Много лет спустя после описываемых трагических событий в «Глазах земли», книге благостной и покойной, составленной из дневниковых записей конца сороковых — начала пятидесятых годов, Пришвин написал:

«Чтобы понять мою „природу“, надо понять жизнь мою в трех ее периодах:

1) От Дульсинеи до встречи с Альдонсой (детская Мария Моревна — парижская Варвара Петровна Измалкова),

2) Разлука и пустынножительство,

3) Фацелия — встреча и жизнь с ней.

И все вместе как формирование личности, рождающей сознание».

За этой схемой стоит не просто не совсем полная правда, но определенная легенда, своеобразное жизнетворчество, которое Пришвин исповедовал, однако выпрямляя свой путь к счастью, писатель одновременно и обеднял его, и середина его жизни не была совершенно пустой. Об этом знала и его вторая жена Валерия Дмитриевна Пришвина (в Дневнике имеются ее пометки именно к той пришвинской записи, которая вынесена в название этой главы), но по ей одной ведомым соображениям искажала реальное положение вещей, когда писала:

«Всегда ему не хватало с женщиной какого-то „чуть-чуть“, и потому он не соблазнялся никакими подменами чувства, не шел ни на какие опыты — он оставался строг и верен долгу в семье».

Не так это было, и, чтобы природу Пришвина понять, надо попытаться восстановить истину и рассказать о женщине, в которую Пришвин был влюблен в период «разлуки и пустынножительства».

Бывал ли он до 1918 года, то есть за почти полтора десятка лет брака, в кого-то влюблен пусть даже платонически, сказать трудно. По-видимому, нет: сердце писателя было отдано далекой Варваре Петровне Измалковой, которая навсегда осталась для него в Лондоне, хотя именно в это время она снова объявилась в Петербурге.

Но в 1918 году в Дневнике его вдруг поселяется некая Козочка, Софья Васильевна Ефимова, соседка по дому на Васильевском острове. Ей было в ту пору всего осьмнадцать лет (а может, даже и меньше), и сохранилась фотография невзрачной с острыми чертами лица, по-видимому, не очень умной, но очень влюбчивой и одновременно расчетливой девицы, к которой Пришвин испытывал симпатию, называл своей племянницей и по ее поведению замечательно судил о двух революциях: в феврале 17-го Козочка прыгала от радости, восхищалась красными флагами и пела с толпой «Вставай, подымайся!», а в ноябре ей стало все противно и, как Шарлотта Конде, она мечтала убить Марата, только не знала, кто в России Марат — Ленин или Троцкий?
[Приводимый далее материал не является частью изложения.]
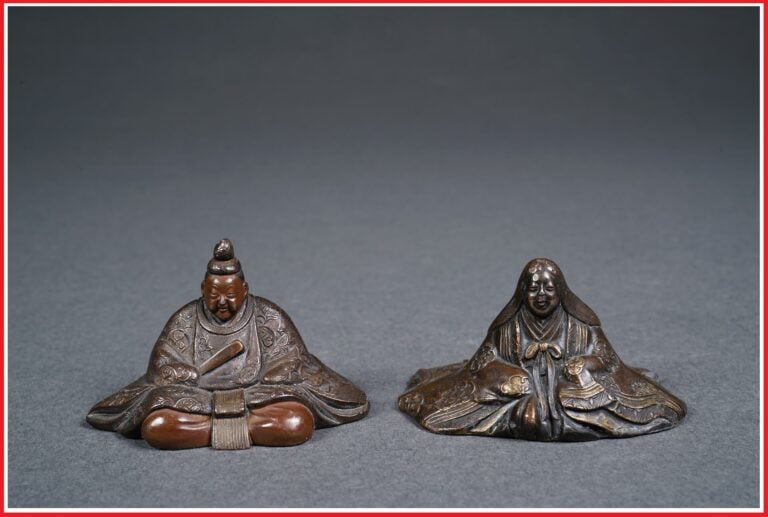 SUITE DE DEUX (2) OKIMONOS EN BRONZE A PATINE MARRON A L'EFFIGIE DE L'EMPEREUR…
Когда в январе 1918 года Пришвин был арестован, она приходила к нему в тюрьму, и именно этот эпизод перекочевал позднее в «Кащееву цепь», где к заключенному Алпатову под видом невесты приходила посланница партии Инна Ростовцева: во всяком случае, на той самой фотографии, где изображена худенькая остролицая нахохлившаяся Козочка, рукою Пришвина написано: «Моя тюремная невеста».[2]

Разница и в возрасте, и в житейском опыте между Пришвиным и Софьей Васильевной была огромная, но некий намек на эротический оттенок их отношений все же встречается, и перекликается он с революционным падением нравов.

«И Козочка моя, которую родители готовили для замужества, просит целовать себя не христианским поцелуем, а языческим, она сама не замечает, как, попадая в кометный хвост, она день за днем забывает „нашу революцию“, и теперь ее жизнь — стремление поскорее сгореть».

Революция революцией, но, как и положено девушке в ее возрасте, Софья Васильевна мечтала о женихах и даже была готова на роман с каким-то безымянным, но о-очень благородным кавказцем («с кинжалом» — язвительно, а может быть, уязвленно добавлял Пришвин) или выйти замуж за немца. Сватался к ней некий прапорщик Горячев, и она советовалась с писателем, выходить за него или нет. На возможность брака между Пришвиным и Ефимовой намекала мать Софьи Васильевны, которой Пришвин в свойственной ему полушутливой-полусерьезной манере сказал:

«— Заявляю вам, что люблю одну Козочку и больше никого, ее единственную.

А она:

— Когда же венчаться?

Логика тещи».

Любила ли сия барышня Михаила Михайловича, который ей по возрасту в отцы годился, сказать трудно. В Дневнике мешаются реальные факты и наброски к какому-то художественному произведению, умиление и нежность в сердце писателя сменяются раздражительностью и чуть ли не ненавистью к своей молодой соседке

«за эту шляпу-лепешку, за кофту какую-то полукитайскую… и ходит она странно — стремительно шагая куда-то вперед, будто несется полуптица, полуощипанная птица, хочет и не может улететь».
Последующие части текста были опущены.